Люди, — не раз напоминает Жид, — интереснее для него, нежели «пейзажи». Для Петербурга, однако, он делает исключение, — подчеркивая, что именно Петербург, а не Санкт-Петербург кажется ему «прекраснейшим городом в мире» (лет 12 тому назад то же самое сказал вернувшийся из России Поль Моран). «Город этот будто создан воображением Пушкина или Бодлера… Памятники его так же совершенны по размерам, как темы в симфониях Моцарта. „Là tout n’est qu’ordre et beaute“. Духу здесь свободно и радостно».
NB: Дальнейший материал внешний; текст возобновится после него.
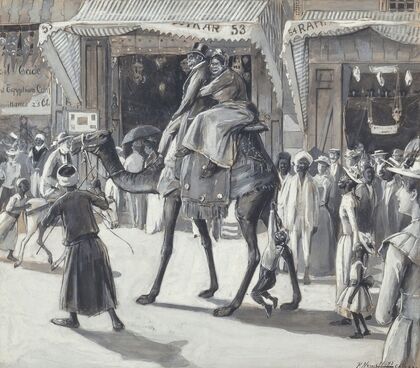 The Johnson Family in Cairo Street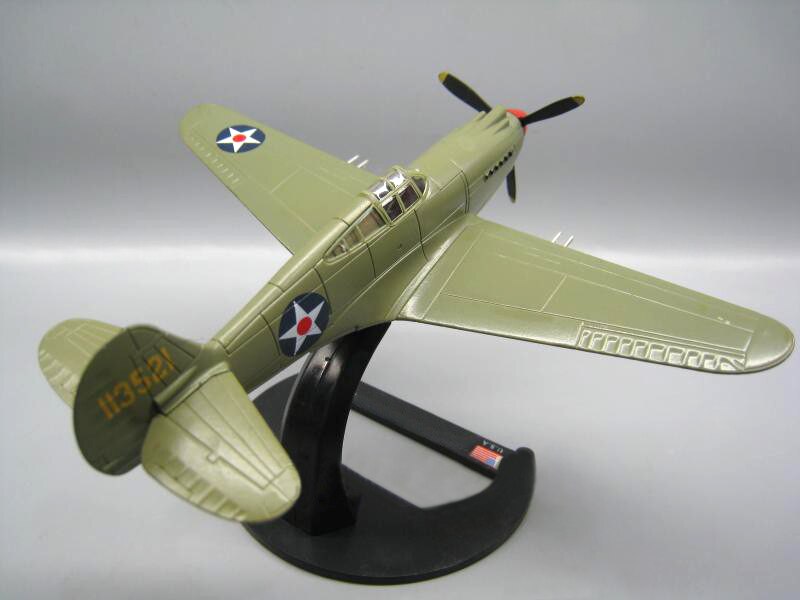 1 / 72 US World War II p40b fighter model Pearl Harbor coating Alloy finished product model 1 / 72 US World War II p40b fighter model Pearl Harbor coating Alloy finished product model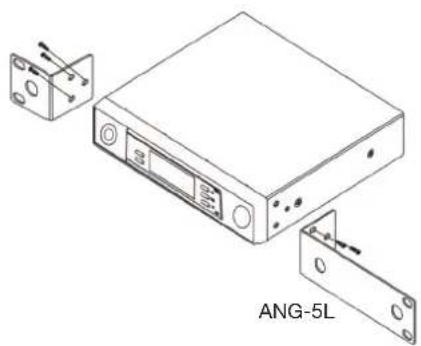 FoneStar MSHR46D570 - INSTALLATION IN 19" RACK - 2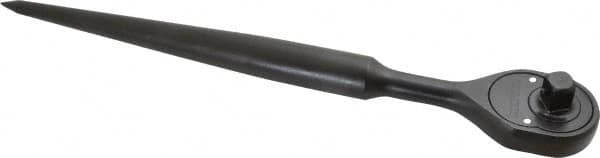 Proto - 1/2" Drive Pear Head Ratchet - Black Oxide Finish, 14" OAL - Strong Tooling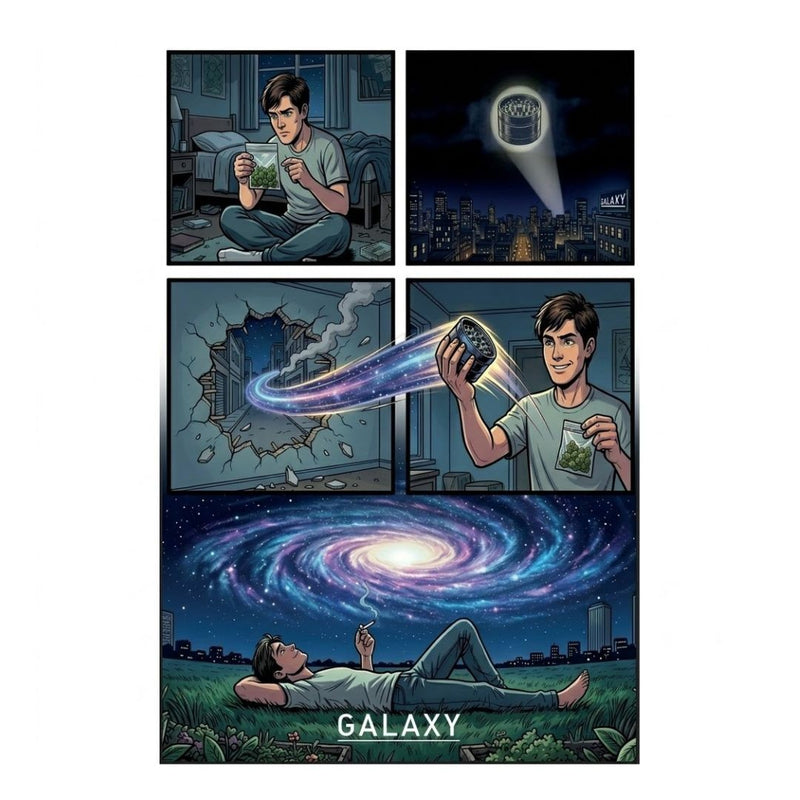 FLYER BOQUILLA COMIC X5 U GALAXY-MERCHANDISE (DS)
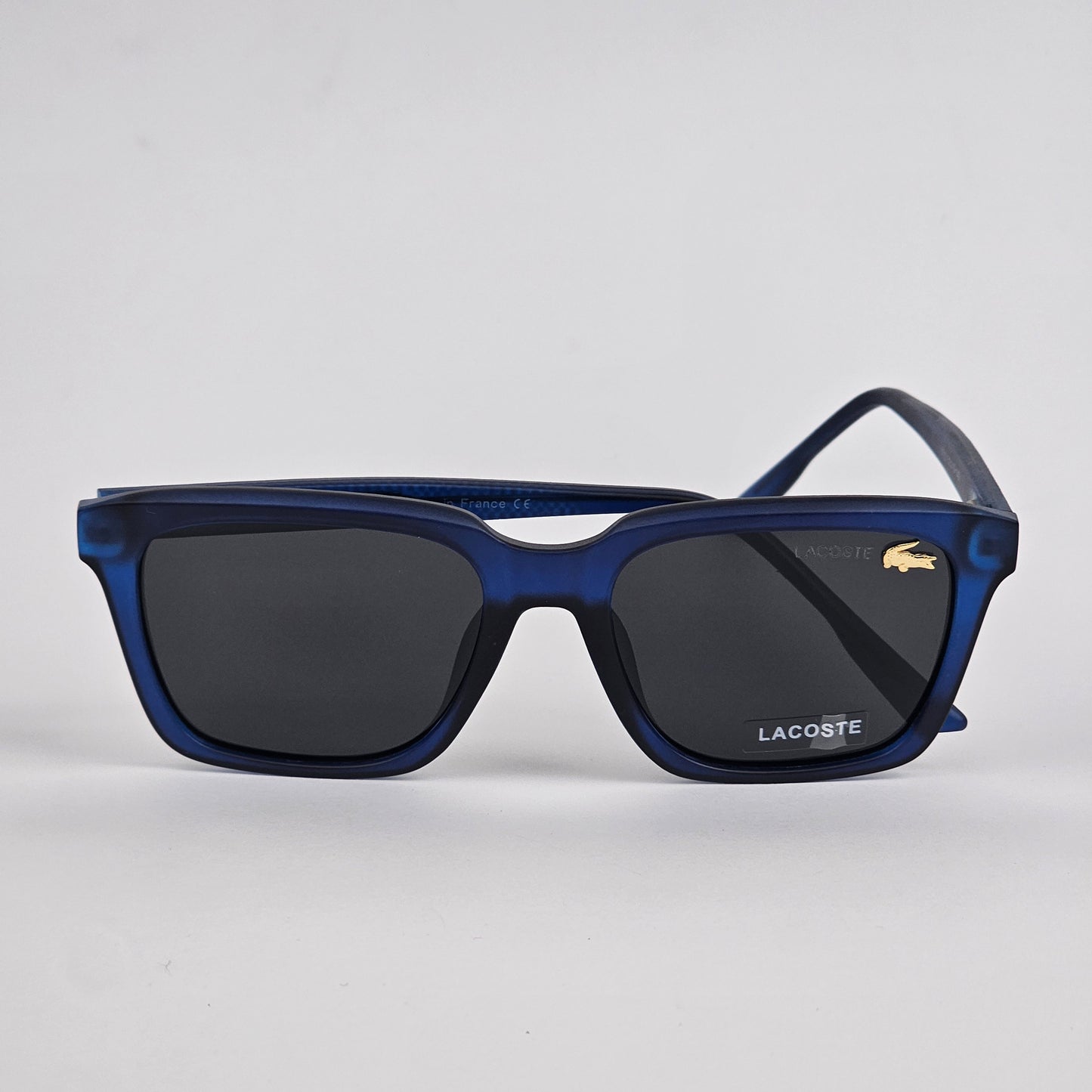 Textured - Lacoste - Acetate - 7710  - Premium - Polarized - Blue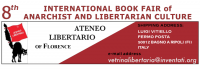 International anarchist and libertarian book fair in Florence (Italy)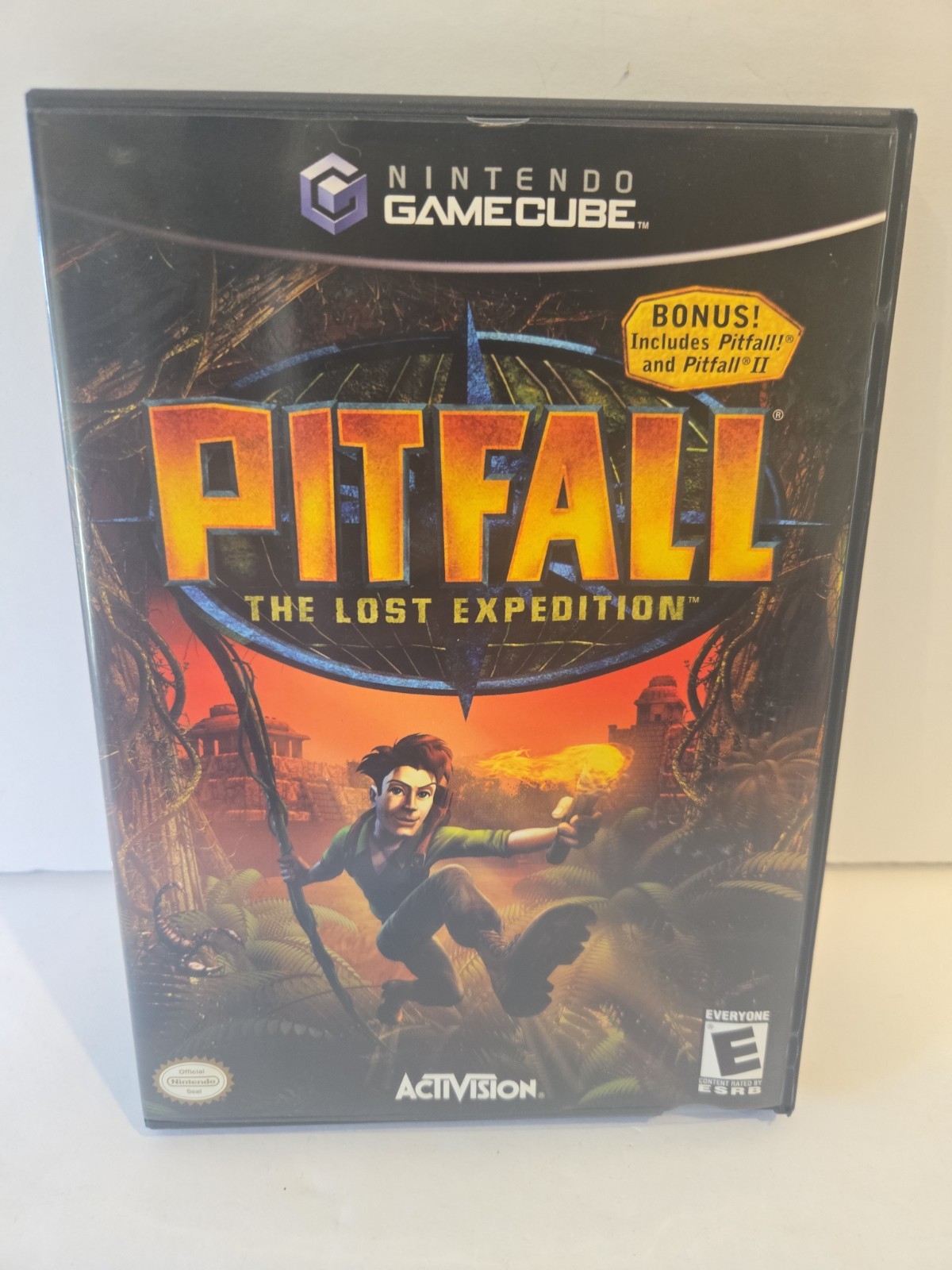 Pitfall: The Lost Expedition (Nintendo GameCube, 2004) CIB Refurbished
Сомнения начинаются с посещения магазинов. Что товары плохи, что товаров мало, — Жиду безразлично. Его интересуют покупатели: как могут они быть довольны, чем их удовлетворение вызвано? Не лежит ли в основе большинства советских чувств или ощущений невежество, поддерживаемое и поощряемое сверху и питающееся уверенностью, что на Западе все еще много хуже? Не на этом ли невежестве основан и тот «комплекс превосходства», который Жида, по-видимому, глубоко поразил, то безграничное, беспредельное советское бахвальство, которое нас за десять или пятнадцать лет, признаемся, уже перестало поражать, хотя и остается одной из самых тягостных советских черт?

Как, наконец, примириться с тем, что все обо всем в СССР думают и говорят одно и то же?
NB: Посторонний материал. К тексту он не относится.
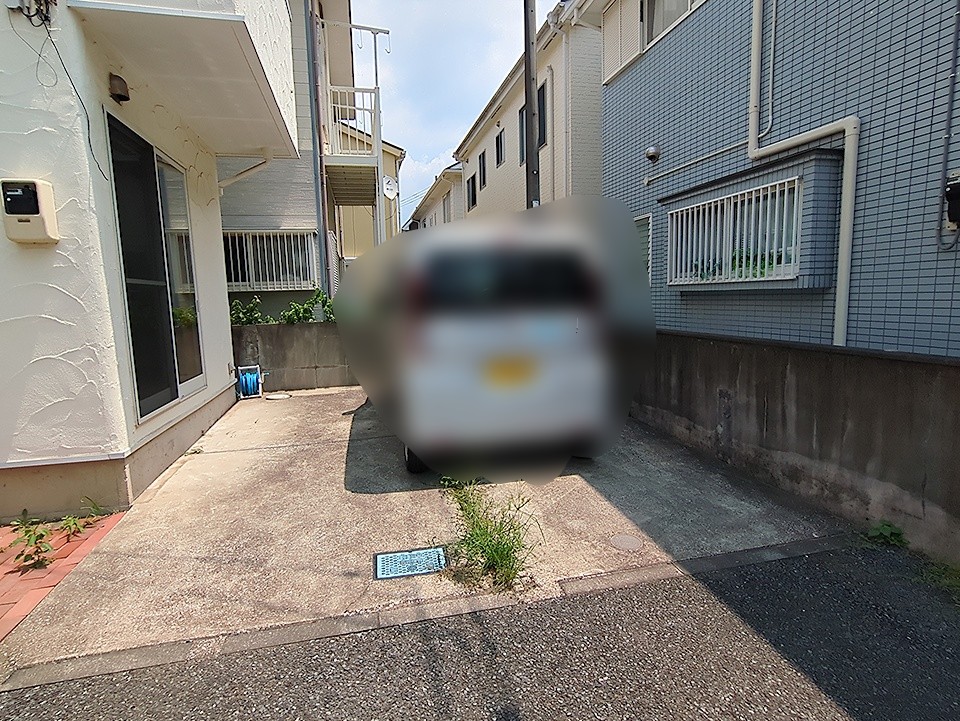 4/6 駐車場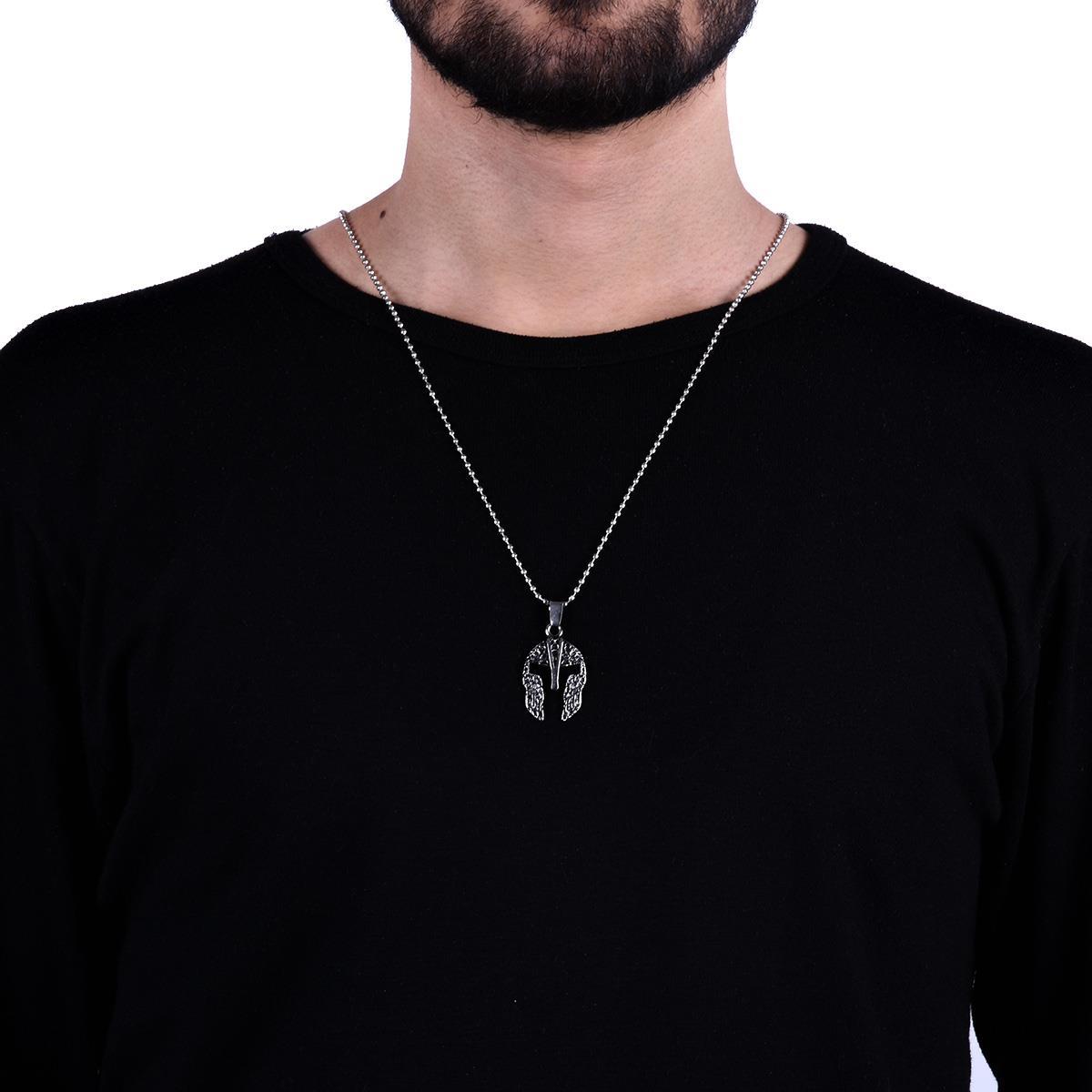 KolyeJKMA19033 JANTİ KOLYE MASKE FİGÜRLÜJanti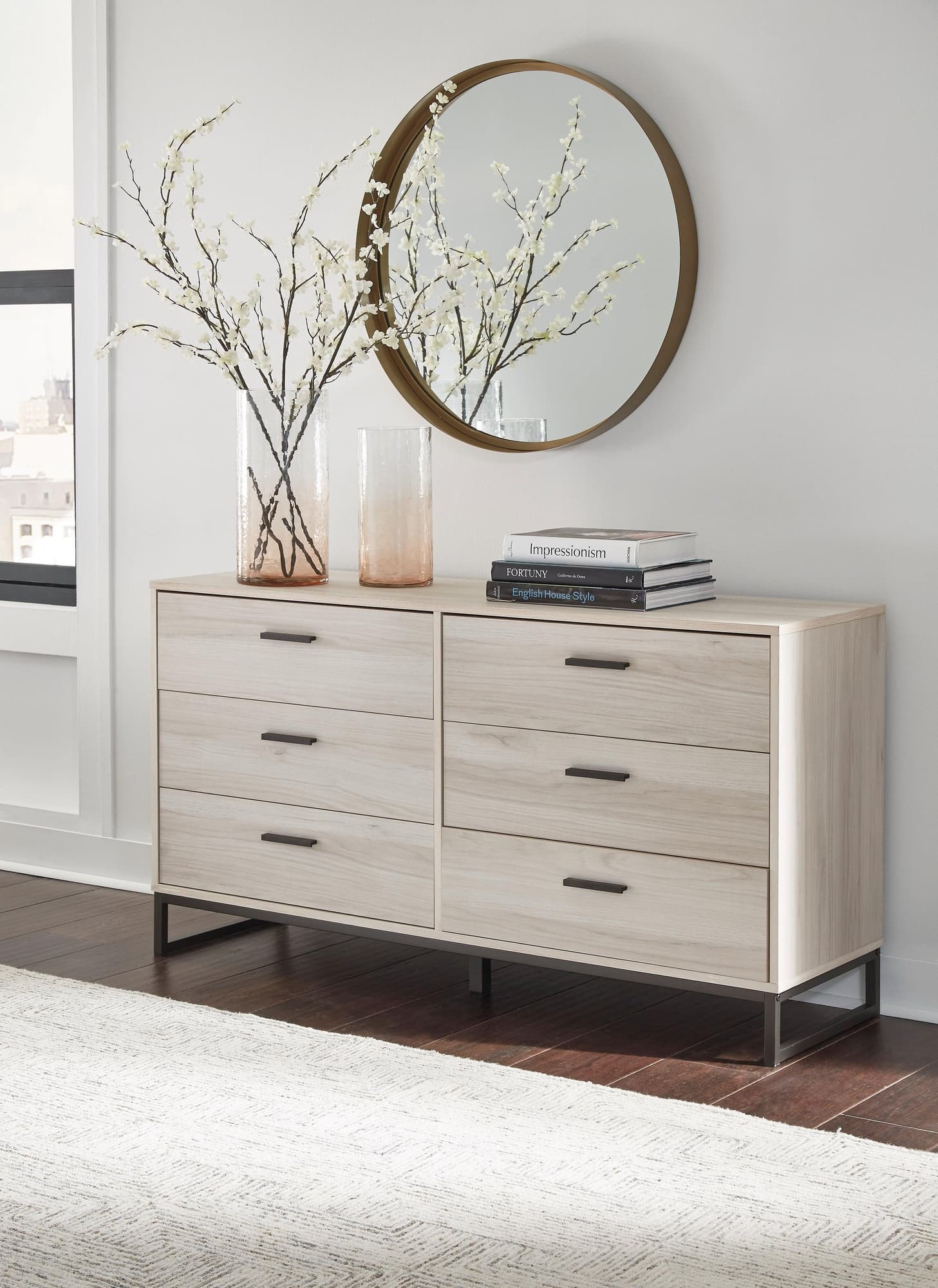 Socalle Light Natural Dresser - Image 1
До разбора андре-жидовских попыток ответить на эти вопросы приведу несколько строк, пожалуй, центральных в его книге, — и по самой резкости своей, по определенности и отчетливости, вероятно, нелегко ему давшихся:

«Дух, считающийся теперь в СССР контрреволюционным, есть тот самый революционный дух, тот фермент, который взорвал когда-то полусгнивший царский мир. Хотелось бы думать, что льющаяся через край любовь к людям или по меньшей мере властная потребность справедливости наполняет сердца. Однако с того момента, как революция совершилась, восторжествовала, стабилизировалась, все это исчезло, и чувства, оживлявшие первых революционеров, стали лишними, стеснительными… Теперь, когда революция восторжествовала, когда она приручена, когда она вступает в компромиссы, когда — по мнению некоторых — она поумнела, те, которых еще оживляет этот революционный фермент, изгоняются или уничтожаются. Не честнее ли было бы вместо игры словами откровенно признать, что революционный дух (или, даже проще, критический дух) вышел из моды, что в нем больше нет нужды? Теперь требуют уступчивости, „le conformisme“, требуют одобрения всего, что в СССР делается. Добиваются того, чтобы одобрение это было добровольным, — и, как это ни удивительно, достигают этого! С другой стороны, малейший протест, малейшая критика влечет за собой худшие кары, и сейчас же заглушается…» Дальше идет ставшая уже знаменитой фраза о том, что духу нигде, даже в гитлеровской Германии, не может быть тяжелее, чем в СССР, — фраза, уже облетевшая все газеты, фраза, которая привела бы Жида в негодование еще полгода тому назад.